25 Oktober 2009

SILATURRAHMI DENGAN WAKIL BUPATI NATUNA

Minggu, 18 Oktober pekan lalu mahasiswa Anambas di Bandung mendapat kunjungan istimewa. Raja Amirullah, anak jati Anambas yang saat ini menjabat Wakil Bupati Natuna datang ke Pondokan Putra Datuk Dewa Perkasa yang merupakan sekretariat Keluarga Pelajar Mahasiswa Anambas (KPMA) Bandung. Amir yang datang bersama dua orang staffnya itu mengaku bahwa kehadirannya atas ajakan dari Matari Yasinullah HS, ketua KPMA saat ini. Kunjungan tersebut adalah kali pertama bagi pejabat eksekutif kabupaten Natuna ke asrama mahasiswa Anambas di Bandung pasca pemisahan daerah tersebut dari Natuna.

Namun demikian Amir menegaskan kunjungannya ke asrama mahasiswa Anambas bukan dalam kapasitasnya sebagai wakil Bupati, tetapi hanya sebagai tokoh masyarakat Anambas yang dulu juga pernah menempuh studinya di Bandung. Amir juga menyangkal jika ada yang menyebut silaturrahminya dengan mahasiswa Anambas sebagai kampanye politik jelang Pilkada Anambas tahun depan. Penyandang gelar apoteker itu memang belakangan disebut-sebut sebagai salah satu tokoh yang bakal maju dalam Pilkada Anambas.

Dalam silaturrahmi yang berlangsung sekitar setengah jam itu, Raja Amir berpenampilan cukup santai, ia bahkan berkali-kali tertawa terbahak mengenang masa suatu ia kuliah di Bandung dulu. Ia juga berkali-kali lewat gurauan segar khas masyarakat Melayu Anambas menyinyir kebiasaan-kebiasaan warga Anambas dalam pergaulan sehari-hari. Guyonan Amir yang begitu lepas itupun di sambut tawa sekitar 25 mahasiswa/i yang hadir, seolah tak ada jarak diantara mereka dengan seorang pejabat daerah.

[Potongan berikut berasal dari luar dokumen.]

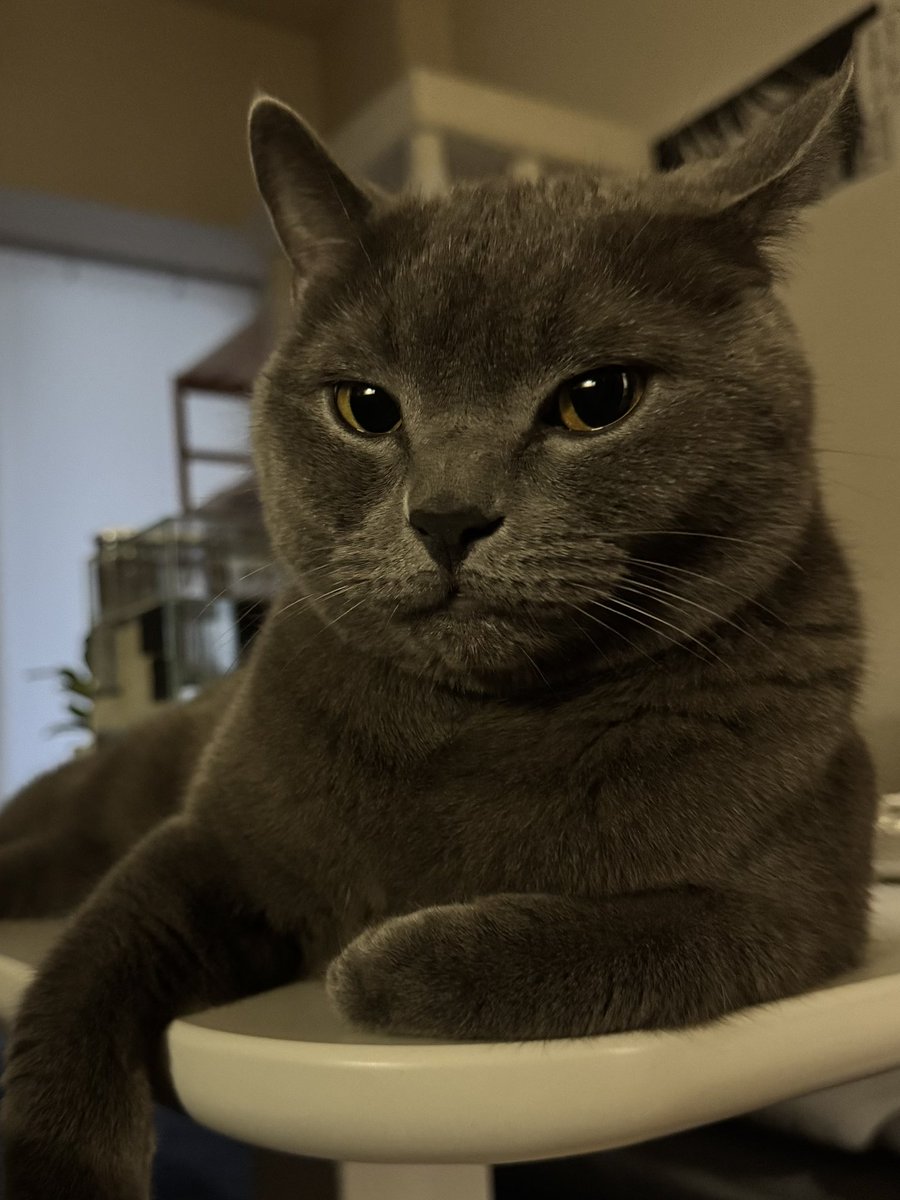 ブリオくんは猫なのさ tweet media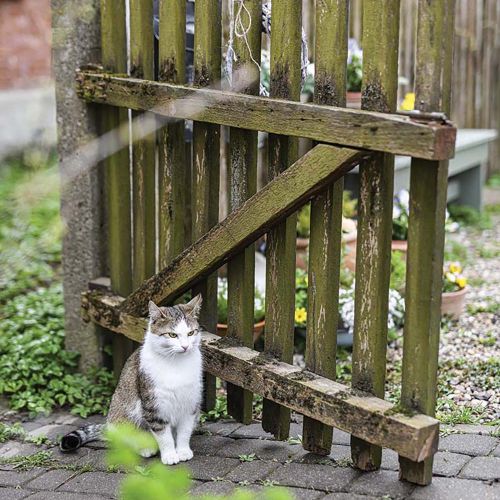 stary dom na mazurach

Amir yang sempat menitipkan bantuan sekadarnya kepada mahasiswa Anambas mengajak para mahasiswa bersyukur karena telah diberikan kemudahan fasilitas asrama oleh Pemda setempat. Ia sempat pula menyatakan kekagumannya akan solidarirtas para mahasiswa Anambas, dan berpesan agar mahasiswa sesekali perlu membuat telaahan akademik tentang pembangunan Anambas kedepan.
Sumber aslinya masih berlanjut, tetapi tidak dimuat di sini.